Solidification performance enhancement of a latent heat thermal energy storage system: A novel discontinuous fin configuration for vertical shell-and-tube design

This study investigates the critical challenge of low heat release rates in vertical latent heat thermal energy storage units, proposing an innovative discontinuous fin configurations. A numerical model of the wax solidification process was developed using the enthalpy-porosity method, with a focus on analyzing how the discontinuous fin structure regulates temperature field distribution and solidification rate. The results demonstrate that optimizing the fin geometric parameters leads to a significant enhancement in thermal energy storage performance. The main fin length (L1) has a critical value of 15 mm. Variations in L1 below 15 mm result in negligible differences in solidification performance, while further increases in L1 lead to a gradual increase in the total solidification time. Additionally, the dimensionless bifurcation angle α has an optimal range of 0.45–0.6, which yields the shortest solidification time.
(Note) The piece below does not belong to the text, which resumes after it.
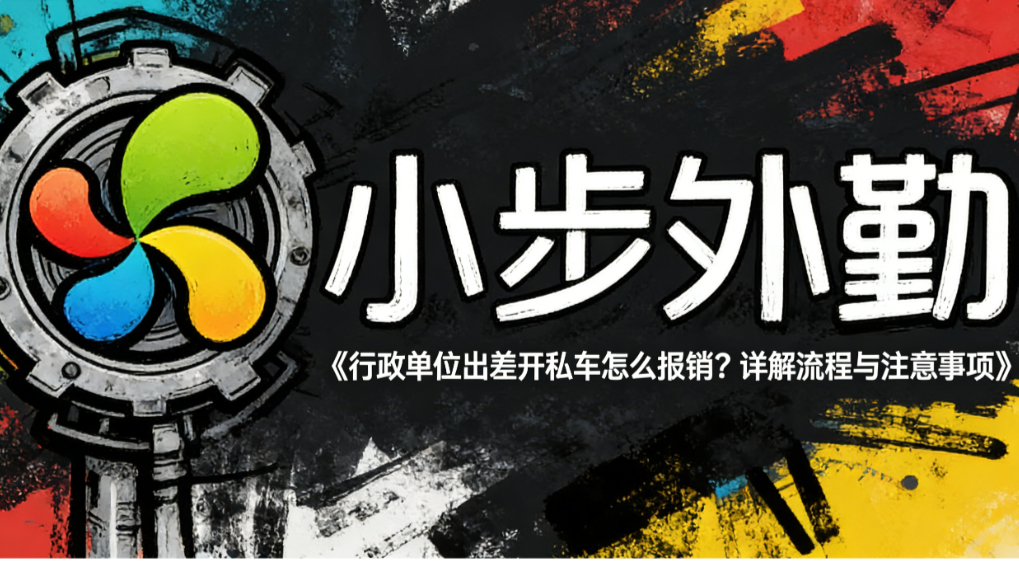 行政单位出差开私车怎么报销？详解流程与注意事项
The optimized discontinuous fin configuration (L1 = 15 mm, α = 0.45) achieves a 22.14 % reduction in solidification time and a 28.45 % increase in heat release rate compared to conventional longitudinal fins. This study elucidates the mechanism by which discrete fins enhance the solidification process, providing a robust theoretical foundation and critical design parameters for the development of next-generation high-efficiency thermal energy storage units.